[Opening Given records section]
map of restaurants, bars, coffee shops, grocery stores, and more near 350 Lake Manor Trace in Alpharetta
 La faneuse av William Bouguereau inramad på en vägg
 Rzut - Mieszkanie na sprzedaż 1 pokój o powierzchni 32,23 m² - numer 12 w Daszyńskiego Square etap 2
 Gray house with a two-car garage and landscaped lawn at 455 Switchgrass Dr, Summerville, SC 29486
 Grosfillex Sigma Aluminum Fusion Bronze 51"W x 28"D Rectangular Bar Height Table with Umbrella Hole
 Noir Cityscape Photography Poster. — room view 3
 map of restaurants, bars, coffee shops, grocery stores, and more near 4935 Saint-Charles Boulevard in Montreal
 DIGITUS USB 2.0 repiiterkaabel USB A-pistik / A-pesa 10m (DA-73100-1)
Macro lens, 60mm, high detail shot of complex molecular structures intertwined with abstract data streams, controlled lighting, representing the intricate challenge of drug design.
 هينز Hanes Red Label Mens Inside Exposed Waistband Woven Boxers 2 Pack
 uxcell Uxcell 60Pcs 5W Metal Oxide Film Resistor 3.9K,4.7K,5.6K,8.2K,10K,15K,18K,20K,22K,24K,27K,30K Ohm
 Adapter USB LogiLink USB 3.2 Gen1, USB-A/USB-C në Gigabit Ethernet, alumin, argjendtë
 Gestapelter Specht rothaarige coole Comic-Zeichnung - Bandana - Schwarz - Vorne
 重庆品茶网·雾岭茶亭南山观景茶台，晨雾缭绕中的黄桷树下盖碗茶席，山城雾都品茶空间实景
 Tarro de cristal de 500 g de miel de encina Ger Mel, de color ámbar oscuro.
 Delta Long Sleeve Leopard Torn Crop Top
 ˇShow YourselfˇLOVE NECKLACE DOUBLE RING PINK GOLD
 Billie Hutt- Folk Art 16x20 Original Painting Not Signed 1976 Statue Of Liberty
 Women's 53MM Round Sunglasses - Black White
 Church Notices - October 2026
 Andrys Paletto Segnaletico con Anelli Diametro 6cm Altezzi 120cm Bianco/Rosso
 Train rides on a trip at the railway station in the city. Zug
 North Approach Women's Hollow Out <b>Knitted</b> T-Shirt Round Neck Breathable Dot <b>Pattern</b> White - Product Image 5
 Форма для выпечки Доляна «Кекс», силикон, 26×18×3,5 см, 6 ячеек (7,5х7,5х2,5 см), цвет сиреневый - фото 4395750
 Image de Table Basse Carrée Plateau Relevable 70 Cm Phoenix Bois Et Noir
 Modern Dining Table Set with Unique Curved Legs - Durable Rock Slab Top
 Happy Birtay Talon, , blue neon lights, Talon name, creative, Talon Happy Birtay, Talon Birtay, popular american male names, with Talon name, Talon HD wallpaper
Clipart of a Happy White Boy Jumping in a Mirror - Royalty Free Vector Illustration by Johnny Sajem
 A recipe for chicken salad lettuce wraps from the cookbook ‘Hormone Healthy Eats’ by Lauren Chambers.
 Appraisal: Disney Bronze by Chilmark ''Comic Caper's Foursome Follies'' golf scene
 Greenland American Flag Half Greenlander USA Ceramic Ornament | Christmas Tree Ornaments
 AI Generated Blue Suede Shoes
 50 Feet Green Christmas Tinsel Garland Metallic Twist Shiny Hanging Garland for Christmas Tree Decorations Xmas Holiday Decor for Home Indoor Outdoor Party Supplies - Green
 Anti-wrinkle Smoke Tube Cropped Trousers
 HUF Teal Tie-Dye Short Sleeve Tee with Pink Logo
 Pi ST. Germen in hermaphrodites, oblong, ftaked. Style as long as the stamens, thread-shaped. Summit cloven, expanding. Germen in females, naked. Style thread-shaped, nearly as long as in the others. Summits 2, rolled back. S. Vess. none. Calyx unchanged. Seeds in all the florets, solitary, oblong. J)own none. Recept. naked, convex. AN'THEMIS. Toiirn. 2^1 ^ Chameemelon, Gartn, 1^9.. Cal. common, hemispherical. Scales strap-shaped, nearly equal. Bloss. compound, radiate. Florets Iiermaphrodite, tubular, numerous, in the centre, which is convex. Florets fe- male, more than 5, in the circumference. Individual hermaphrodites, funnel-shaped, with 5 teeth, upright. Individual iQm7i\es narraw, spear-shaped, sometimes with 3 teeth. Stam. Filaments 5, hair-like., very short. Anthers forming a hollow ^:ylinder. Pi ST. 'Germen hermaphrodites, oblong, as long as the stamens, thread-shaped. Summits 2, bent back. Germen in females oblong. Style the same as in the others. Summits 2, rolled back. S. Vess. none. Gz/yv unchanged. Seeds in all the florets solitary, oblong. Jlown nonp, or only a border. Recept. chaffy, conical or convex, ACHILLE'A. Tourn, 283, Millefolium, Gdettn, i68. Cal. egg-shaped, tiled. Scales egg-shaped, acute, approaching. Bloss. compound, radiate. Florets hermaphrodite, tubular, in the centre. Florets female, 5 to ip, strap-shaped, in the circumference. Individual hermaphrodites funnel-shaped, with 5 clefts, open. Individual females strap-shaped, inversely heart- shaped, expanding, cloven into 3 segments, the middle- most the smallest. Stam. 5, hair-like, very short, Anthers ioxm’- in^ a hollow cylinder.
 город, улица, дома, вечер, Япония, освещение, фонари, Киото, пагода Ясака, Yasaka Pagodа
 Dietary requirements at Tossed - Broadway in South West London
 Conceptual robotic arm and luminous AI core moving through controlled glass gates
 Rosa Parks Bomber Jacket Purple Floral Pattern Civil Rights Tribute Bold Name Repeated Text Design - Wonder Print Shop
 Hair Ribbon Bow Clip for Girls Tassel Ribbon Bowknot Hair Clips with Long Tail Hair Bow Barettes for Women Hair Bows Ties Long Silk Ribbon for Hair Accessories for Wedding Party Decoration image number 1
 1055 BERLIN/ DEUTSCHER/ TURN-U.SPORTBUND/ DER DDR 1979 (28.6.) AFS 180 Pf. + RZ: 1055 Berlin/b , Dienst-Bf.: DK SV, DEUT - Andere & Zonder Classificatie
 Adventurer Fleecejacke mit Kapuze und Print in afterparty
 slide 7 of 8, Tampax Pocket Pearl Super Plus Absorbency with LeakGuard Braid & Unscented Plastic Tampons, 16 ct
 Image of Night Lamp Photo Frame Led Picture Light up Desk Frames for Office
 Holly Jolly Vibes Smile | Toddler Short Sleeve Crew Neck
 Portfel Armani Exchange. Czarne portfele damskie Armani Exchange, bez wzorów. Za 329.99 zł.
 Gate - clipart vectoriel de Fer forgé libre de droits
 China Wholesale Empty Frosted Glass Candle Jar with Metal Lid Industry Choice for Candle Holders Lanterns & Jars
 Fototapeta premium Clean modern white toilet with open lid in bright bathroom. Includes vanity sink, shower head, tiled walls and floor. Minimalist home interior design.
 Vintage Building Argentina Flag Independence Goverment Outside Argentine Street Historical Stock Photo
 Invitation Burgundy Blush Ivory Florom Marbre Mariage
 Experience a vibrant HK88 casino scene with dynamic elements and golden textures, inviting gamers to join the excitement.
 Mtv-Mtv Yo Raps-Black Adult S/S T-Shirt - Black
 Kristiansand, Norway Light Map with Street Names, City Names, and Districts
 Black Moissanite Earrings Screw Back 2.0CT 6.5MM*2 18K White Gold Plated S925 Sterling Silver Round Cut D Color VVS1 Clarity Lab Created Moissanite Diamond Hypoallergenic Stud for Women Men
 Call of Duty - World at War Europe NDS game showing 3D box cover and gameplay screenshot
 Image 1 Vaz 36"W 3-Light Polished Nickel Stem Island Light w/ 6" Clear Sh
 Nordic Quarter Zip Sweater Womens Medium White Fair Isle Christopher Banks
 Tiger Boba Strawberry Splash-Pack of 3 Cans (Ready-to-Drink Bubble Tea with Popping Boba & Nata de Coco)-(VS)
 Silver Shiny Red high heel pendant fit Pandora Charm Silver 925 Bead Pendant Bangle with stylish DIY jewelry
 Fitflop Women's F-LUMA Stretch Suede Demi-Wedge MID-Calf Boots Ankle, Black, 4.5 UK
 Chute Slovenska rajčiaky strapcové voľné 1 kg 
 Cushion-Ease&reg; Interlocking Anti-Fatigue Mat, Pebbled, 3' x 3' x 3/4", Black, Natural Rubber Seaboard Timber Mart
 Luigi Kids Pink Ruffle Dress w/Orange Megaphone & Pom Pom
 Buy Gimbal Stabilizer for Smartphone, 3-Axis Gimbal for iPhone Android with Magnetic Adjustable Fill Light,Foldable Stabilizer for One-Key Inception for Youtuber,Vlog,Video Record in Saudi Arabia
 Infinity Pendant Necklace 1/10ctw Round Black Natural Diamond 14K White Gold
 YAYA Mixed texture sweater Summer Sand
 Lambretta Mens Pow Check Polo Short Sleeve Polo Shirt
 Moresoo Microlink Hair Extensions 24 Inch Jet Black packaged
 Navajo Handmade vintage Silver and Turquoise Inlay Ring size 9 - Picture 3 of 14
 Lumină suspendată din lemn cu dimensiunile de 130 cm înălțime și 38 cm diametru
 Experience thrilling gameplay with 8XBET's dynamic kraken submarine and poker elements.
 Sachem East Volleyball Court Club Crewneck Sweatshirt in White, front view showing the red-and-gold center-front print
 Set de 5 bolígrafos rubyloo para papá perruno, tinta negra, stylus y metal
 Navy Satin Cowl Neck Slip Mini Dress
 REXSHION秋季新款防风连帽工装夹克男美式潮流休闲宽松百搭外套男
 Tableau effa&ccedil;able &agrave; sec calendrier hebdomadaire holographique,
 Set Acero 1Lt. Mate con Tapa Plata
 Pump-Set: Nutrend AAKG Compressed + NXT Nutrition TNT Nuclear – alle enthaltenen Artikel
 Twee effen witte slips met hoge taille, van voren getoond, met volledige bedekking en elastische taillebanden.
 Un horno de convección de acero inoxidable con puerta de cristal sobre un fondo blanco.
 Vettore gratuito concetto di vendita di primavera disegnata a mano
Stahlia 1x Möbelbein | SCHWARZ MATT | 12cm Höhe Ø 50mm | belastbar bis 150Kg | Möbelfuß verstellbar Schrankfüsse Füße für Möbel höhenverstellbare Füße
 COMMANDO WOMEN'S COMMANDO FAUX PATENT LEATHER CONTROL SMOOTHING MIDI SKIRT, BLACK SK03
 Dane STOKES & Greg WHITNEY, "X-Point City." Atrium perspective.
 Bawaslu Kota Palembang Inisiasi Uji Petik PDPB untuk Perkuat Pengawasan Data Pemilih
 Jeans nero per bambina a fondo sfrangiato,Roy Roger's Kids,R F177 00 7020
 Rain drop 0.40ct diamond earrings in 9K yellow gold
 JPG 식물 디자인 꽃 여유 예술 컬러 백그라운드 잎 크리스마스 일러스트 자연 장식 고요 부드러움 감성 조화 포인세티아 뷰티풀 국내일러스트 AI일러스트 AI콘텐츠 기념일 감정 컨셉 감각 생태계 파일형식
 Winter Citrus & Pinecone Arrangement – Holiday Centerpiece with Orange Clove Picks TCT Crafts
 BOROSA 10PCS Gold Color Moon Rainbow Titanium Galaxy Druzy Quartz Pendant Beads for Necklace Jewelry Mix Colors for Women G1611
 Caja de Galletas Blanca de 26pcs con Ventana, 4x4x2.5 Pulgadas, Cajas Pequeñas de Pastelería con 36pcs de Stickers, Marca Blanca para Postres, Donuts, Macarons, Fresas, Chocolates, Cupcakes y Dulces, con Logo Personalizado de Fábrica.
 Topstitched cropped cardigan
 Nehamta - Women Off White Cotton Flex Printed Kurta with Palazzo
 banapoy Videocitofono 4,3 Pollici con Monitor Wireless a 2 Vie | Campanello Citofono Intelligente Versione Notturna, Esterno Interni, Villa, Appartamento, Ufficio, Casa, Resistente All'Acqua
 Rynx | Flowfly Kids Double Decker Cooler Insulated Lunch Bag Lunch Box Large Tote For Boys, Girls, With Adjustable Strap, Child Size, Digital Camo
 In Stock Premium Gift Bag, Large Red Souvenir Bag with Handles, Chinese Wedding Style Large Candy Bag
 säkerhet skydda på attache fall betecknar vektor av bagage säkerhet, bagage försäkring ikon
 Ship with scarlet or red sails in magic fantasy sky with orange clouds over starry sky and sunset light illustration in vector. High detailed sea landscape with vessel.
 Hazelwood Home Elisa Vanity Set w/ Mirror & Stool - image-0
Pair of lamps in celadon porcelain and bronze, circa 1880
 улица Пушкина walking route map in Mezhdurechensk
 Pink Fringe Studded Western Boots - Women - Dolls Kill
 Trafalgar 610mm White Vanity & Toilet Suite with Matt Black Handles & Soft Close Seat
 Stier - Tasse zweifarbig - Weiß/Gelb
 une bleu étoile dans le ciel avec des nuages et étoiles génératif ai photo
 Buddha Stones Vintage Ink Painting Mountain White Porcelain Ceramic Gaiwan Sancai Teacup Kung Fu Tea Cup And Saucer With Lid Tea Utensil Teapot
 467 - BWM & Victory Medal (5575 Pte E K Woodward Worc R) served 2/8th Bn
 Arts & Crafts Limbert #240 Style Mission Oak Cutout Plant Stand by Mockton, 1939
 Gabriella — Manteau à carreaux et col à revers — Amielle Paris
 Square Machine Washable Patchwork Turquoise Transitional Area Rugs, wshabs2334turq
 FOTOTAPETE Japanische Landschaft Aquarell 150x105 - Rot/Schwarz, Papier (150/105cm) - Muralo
[Closing Given records section]
# Required work
All that should be written out is the stretch of lines above between the one holding "Stier - Tasse zweifarbig - Weiß/Gelb" and the one holding "Arts & Crafts", inclusive, exactly as given.

# Task answer
 Stier - Tasse zweifarbig - Weiß/Gelb
 une bleu étoile dans le ciel avec des nuages et étoiles génératif ai photo
 Buddha Stones Vintage Ink Painting Mountain White Porcelain Ceramic Gaiwan Sancai Teacup Kung Fu Tea Cup And Saucer With Lid Tea Utensil Teapot
 467 - BWM & Victory Medal (5575 Pte E K Woodward Worc R) served 2/8th Bn
 Arts & Crafts Limbert #240 Style Mission Oak Cutout Plant Stand by Mockton, 1939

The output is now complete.